July 28, 2008
Moving to the Next PACS
By Beth W. Orenstein
Vol. 9 No. 25 P. 14
Radiology IT veterans share what worked for them when it was time to pack up and move their data.
For many imaging facilities today, the issue isn’t whether to buy a PACS—most already have—but how to seamlessly upgrade their system.
One of the biggest challenges when replacing a PACS is how to migrate your old database. Many earlier systems have proprietary data storage methods that can make replacing PACS more cumbersome. Other issues include training and stakeholder buy-in, as well as disaster recovery.
However, radiologists who specialize in informatics say the challenges can be overcome with some planning and attention to the issues. Fred M. Behlen, PhD, founder and president of Laitek Inc in Homewood, Ill., says the technology is changing so rapidly, most imaging facilities can expect to replace their PACS every five to seven years. When staying with the same vendor, upgrading or replacing PACS may not be as much of a challenge. In that case, he says, “The vendor will typically manage its own upgrade path.”
However, Behlen says things get trickier when you choose a new PACS vendor. Migrating data from one vendor to another tests how closely both systems follow DICOM standards.
Behlen says facilities don’t need to buy a new system from their current PACS vendor just because it will make the transition smoother. There are ways to deal with new vendors and the migration process to make the change effortless, he says.
Richard H. Wiggins, III, MD, who serves as director of imaging informatics and medical PACS administrator at the University of Utah Health Sciences Center in Salt Lake City, says there are basically four options for migrating databases when switching from one PACS vendor to another.
1. Do it yourself. “You can move data with a simple DICOM query/retrieve command and just start pulling studies one after another from the old system to the new,” Wiggins says.
This is probably the least expensive option; however, it will take the longest, says Wiggins.
With DICOM query/retrieve commands, it will take about half the time it took to acquire the data to migrate it. “So if you have 10 years of data, it may take you five years to migrate the entire database,” Wiggins says.
Another issue with this method is warranty. “Is your data still under warranty, and is your vendor still going to guarantee that your data is going to be there and accessible to you all the time—which is, of course, what you want?” he asks.
2. Have the company you are leaving migrate the data. The problem with this option, Wiggins says, is that your old vendor won’t be very motivated to help you migrate your data to someone else—you are, after all, leaving. “They’re angry that you are leaving and probably won’t want to help you migrate to a new system,” he says.
3. Have the new company migrate the data. The advantage to this option is that the new vendor is “obviously motivated to migrate the data and have you come over to them,” Wiggins says.

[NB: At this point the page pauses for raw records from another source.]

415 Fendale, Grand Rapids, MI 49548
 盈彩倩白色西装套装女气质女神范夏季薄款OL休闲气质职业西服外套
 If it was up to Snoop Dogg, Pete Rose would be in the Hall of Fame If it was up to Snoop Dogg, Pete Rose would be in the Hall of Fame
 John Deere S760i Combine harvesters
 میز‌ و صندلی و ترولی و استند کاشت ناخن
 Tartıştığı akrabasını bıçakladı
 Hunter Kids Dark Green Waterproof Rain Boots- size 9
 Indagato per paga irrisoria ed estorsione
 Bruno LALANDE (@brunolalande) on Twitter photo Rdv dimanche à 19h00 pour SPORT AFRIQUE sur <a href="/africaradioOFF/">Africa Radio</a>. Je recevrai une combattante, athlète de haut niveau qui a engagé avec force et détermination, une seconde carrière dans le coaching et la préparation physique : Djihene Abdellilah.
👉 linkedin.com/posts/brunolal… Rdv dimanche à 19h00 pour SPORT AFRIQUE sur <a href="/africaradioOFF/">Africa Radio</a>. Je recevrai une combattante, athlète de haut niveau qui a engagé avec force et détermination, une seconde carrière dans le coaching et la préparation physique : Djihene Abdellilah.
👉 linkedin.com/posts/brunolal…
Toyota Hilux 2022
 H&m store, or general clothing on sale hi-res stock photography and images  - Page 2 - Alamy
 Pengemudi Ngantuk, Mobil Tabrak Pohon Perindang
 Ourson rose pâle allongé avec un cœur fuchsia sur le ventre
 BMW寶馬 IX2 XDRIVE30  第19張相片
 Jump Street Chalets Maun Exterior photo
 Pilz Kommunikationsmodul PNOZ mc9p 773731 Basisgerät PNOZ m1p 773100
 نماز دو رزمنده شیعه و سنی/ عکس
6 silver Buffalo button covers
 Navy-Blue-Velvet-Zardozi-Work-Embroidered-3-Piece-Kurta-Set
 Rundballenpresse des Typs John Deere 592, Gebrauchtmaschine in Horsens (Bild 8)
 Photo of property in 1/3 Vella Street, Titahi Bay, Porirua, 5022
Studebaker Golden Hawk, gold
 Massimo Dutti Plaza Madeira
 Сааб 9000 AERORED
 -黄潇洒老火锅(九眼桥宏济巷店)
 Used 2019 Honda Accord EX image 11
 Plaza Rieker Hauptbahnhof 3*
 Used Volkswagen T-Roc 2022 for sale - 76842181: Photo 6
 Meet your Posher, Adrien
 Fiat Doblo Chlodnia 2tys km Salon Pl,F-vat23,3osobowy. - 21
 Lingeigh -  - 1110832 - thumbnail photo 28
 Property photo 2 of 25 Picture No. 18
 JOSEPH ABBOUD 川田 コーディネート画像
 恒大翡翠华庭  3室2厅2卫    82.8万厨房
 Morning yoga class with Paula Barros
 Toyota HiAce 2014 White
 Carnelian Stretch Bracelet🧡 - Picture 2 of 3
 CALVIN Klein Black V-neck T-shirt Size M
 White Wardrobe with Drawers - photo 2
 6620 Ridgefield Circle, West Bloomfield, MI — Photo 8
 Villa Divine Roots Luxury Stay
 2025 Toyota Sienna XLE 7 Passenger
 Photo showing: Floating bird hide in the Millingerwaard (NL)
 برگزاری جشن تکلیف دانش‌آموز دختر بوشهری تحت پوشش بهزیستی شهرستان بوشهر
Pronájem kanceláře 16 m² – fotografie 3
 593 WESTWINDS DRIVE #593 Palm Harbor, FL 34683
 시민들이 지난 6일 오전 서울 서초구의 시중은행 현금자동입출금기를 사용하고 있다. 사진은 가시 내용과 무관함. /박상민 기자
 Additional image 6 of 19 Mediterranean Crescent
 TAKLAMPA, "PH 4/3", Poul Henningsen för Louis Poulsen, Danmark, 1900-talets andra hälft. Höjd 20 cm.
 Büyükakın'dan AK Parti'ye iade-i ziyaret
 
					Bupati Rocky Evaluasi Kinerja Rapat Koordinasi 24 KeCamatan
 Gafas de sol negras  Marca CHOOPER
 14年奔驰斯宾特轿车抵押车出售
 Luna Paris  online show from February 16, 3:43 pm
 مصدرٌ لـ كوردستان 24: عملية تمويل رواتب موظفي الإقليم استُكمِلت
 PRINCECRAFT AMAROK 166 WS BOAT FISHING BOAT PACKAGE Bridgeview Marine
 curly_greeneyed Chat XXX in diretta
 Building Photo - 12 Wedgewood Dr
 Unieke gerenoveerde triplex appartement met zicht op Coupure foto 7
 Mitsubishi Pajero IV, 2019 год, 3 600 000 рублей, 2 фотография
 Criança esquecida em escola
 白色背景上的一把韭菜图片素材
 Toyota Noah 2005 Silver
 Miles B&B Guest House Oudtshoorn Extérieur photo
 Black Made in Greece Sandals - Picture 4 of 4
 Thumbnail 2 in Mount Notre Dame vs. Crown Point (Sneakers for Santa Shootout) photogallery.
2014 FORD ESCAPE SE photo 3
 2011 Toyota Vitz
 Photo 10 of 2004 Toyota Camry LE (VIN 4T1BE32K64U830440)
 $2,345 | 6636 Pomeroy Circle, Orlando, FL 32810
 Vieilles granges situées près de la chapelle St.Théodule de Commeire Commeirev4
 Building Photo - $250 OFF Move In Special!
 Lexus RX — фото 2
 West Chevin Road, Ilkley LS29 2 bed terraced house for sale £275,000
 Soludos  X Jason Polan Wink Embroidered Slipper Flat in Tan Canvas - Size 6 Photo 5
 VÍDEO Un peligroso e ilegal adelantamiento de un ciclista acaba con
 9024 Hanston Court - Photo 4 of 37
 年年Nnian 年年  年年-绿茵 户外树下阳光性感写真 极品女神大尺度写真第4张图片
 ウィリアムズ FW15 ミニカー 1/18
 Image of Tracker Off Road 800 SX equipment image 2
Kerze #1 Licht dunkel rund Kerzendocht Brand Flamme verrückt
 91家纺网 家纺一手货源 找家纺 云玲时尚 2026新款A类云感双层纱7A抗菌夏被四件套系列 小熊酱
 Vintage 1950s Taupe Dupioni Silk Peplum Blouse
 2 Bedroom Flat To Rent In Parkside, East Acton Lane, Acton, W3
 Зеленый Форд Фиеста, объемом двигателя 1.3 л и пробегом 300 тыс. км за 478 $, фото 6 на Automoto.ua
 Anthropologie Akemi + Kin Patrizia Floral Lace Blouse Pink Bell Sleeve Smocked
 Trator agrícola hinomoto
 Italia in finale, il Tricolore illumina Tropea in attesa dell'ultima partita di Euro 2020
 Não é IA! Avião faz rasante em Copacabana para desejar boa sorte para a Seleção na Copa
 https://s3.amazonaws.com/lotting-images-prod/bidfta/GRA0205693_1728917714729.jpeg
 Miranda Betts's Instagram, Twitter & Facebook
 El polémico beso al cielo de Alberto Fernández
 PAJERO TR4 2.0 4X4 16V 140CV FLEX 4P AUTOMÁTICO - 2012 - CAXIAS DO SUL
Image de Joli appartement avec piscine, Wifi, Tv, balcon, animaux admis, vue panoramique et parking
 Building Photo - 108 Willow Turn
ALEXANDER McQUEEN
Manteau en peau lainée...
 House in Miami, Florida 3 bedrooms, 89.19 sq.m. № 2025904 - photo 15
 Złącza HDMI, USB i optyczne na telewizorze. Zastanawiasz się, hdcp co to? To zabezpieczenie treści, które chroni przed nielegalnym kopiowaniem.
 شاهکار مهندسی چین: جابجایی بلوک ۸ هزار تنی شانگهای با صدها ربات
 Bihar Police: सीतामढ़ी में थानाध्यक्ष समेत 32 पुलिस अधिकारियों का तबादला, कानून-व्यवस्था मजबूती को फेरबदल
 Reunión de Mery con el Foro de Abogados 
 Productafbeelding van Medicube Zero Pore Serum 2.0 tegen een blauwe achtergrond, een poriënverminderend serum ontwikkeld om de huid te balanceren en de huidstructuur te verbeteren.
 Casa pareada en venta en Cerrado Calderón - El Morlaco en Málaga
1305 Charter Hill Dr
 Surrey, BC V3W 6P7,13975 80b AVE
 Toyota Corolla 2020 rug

The disadvantage, he says, is that it may require company No. 2 to invest in company No. 1. “Sometimes the old database needs to be upgraded before it can be migrated or there are interface engines that need to be created or coded to actually do the migration, and company number two doesn’t like to do that either,” he says.
4. Hire a consultant to migrate the data. “There are a lot of consultants who are very knowledgeable and experienced and who spend all their time migrating data from one system to another,” Wiggins says.
More consultants are specializing in data migration as more imaging facilities are buying new PACS and are in need of their services, Wiggins says. Some PACS vendors now report that 60% or more of their new PACS installations are migrations, not initial analog to digital conversions of sites, he notes.
The advantage to the consultant route is that the field is changing rapidly and it’s hard for imaging facilities to keep up with what is going on everywhere. “Having an outside consultant who does this all the time is sometimes very attractive because they can give you an outside view and let you know what’s going on in the industry,” Wiggins says.
The disadvantage to hiring a consultant is that it may be the most expensive option. “It could be a huge amount of money, maybe 50 cents a study, which can add up for facilities that are doing a third of a million studies a year as we are,” Wiggins says. Still, he adds, “It may be money well spent, especially if the site doesn’t have anyone in the informatics field who understands the technology and what’s going on and where it’s headed.”
Tony Jones, PACS administrator at the University of Utah, says it helps to choose a new vendor or a consultant who has worked on your old PACS system before. “They will know the things you are up against,” he says.
DICOM is quite mature now, Jones says, and migrating the images themselves generally isn’t that much of a trial anymore. “The nuts and bolts of moving the images was a real trial five years ago, but now it’s kind of cookie-cutter. Everyone sort of does it the same way. What trips people up is moving things like scanned documents or reports or making the demographics work in the new system’s framework for work lists and query filters and things like that,” he adds.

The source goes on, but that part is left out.